TimeSaver: LucyPhone
Waiting on hold stinks. Free service LucyPhone can listen to the hold music for you, then call you back when a real human picks up. Lifehacker says head to Lucyphone’s site, look up the number of the company you’re calling (or add it to their database), then hand over your own number
This Post Will Self Destruct In…
While reading Blood on the Street: The Sensational Inside Story of How Wall Street Analysts Duped a Generation of Investors , Joseph Collins had a unique thought reports DenverPost.com . “I was reading Charlie’s book and I thought it was very unfair that Eliot Spitzer could just walk into companies and demand their email,” Collins recalled. Spitzer was New York’s Attorney General when the Internet busted, and he exposed a steady stream of embarrassing emails from Wall Street cheats
Launch A New Product On Twitter
Until last year, NAP, Inc.’s best known product line was its Sleepy Wrap baby carrier. But when the company launched the Boba Baby Carrier last year, it focused its efforts on social media, especially Twitter, according to a story at Inc.com . Prior to that, we were just using traditional online and print advertising,” says Ashley Jewell, director of social media marketing for NAP.

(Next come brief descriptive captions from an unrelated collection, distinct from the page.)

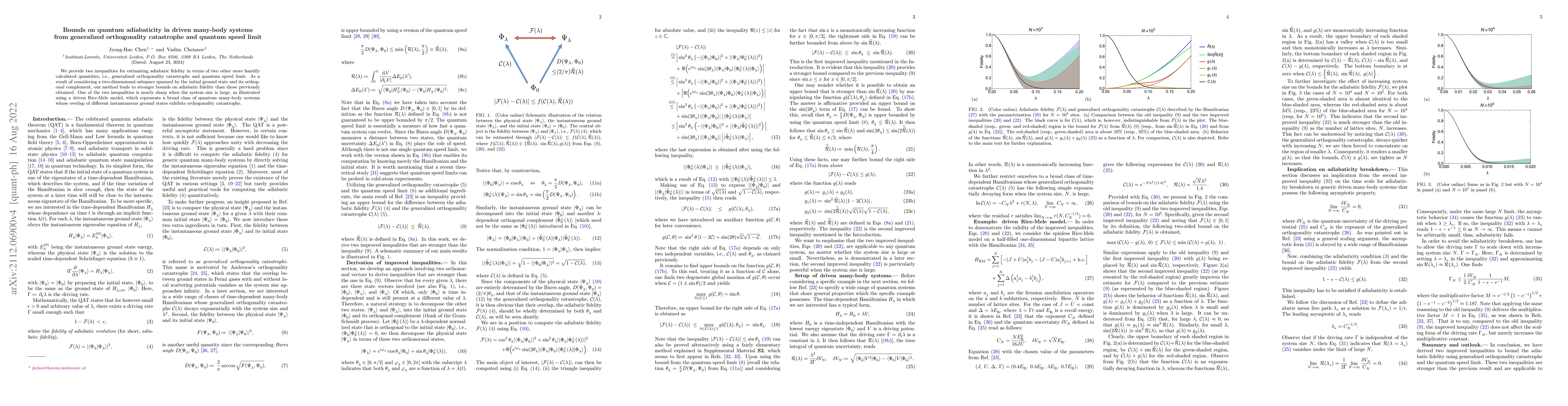 Thumbnail for Bounds on quantum adiabaticity in driven many-body systems from
  generalized orthogonality catastrophe and quantum speed limit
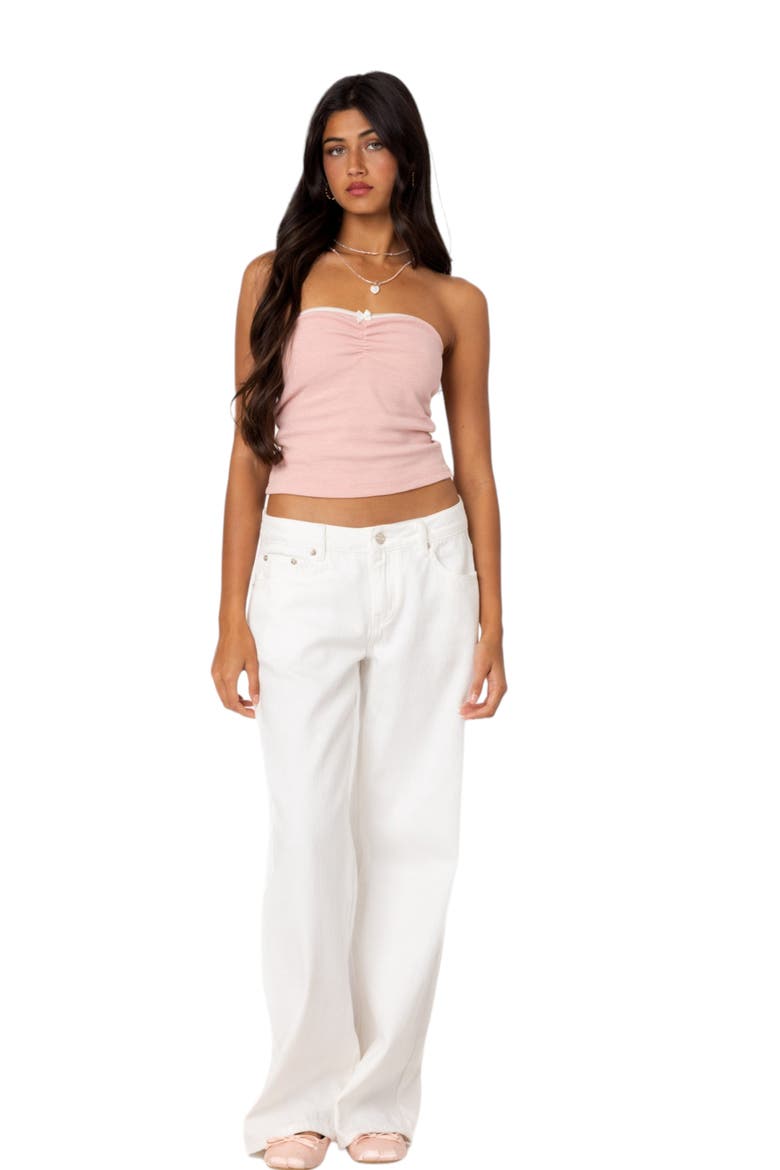 Kacey Waffle Knit Tube Top, Alternate, color, PINK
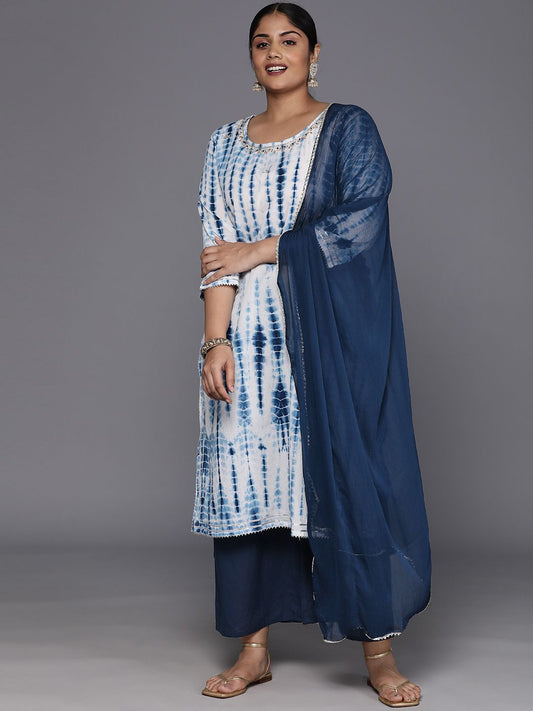 Sztori Women Leheriya Printed Pure Cotton Straight Kurta & Palazzos With Dupatta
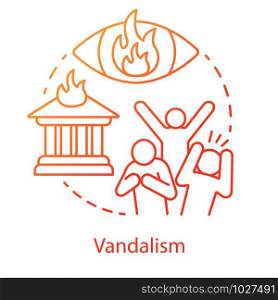 Vandalism concept icon. Civil unrest, property destruction, mob violence idea thin line illustration. Aggressive crowd, burning house and flaming eye vector isolated outline drawing. Violent protest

Lawyers Are Using Social Media
According to Mashable.com , while most law firms, big and small, tend to err on the traditional side, social media has created new opportunities for attorneys to flourish as thought leaders and entrepreneurs. A recent survey from communications consultancy Greentarget notes that, “While the more traditional marketing channels for law firm credentialing continue to dominate … in-house attorneys now are using new media platforms to deepen their professional networks; to obtain their legal, business, and industry news and information; and to enrich their social and personal lives. Most importantly, they expect that trend to accelerate in the future.” But social media is still uncharted territory for many lawyers, particularly in big firms, said Rachel Zahorsky, a legal affairs reporter for the ABA Journal
Twingo!
Website Magazine takes a look at one of the most creative uses of Twitter we’ve seen yet, and how it landed 300,000 visitors onto the site of online footwear retailer SuperShoes.com in less than two hours. SuperShoes recently held the first-ever known games of Twitterbingo to promote its new Drag & Share feature, which it introduced as a way to integrate social media onto its e-commerce site. The Drag & Share feature prompts customers to drag an item from a product page and drop it and its corresponding link information onto a Twitter (or Facebook or e-mail) icon to initiate two-way communications between merchant and consumer (and consumer’s social networks). Modeled after the classic game, Twitterbingo took the new feature a step further by assigning hidden messages representing each of the five letters of “BINGO” to five predetermined products, and then dropped hints throughout the two one-hour games to help customers find the products they needed to earn letters
YouTube Wants You to Sit and Stay Awhile
Two weeks ago, YouTube celebrated when the number of videos viewed daily on its site reached two billion , a milestone. But according to The New York Times , it also used the occasion to express its envy of television’s continuing hold on viewers: “Although the average user spends 15 minutes a day on YouTube, that’s tiny compared to the five hours a day people spend watching TV,” the company observed on its blog.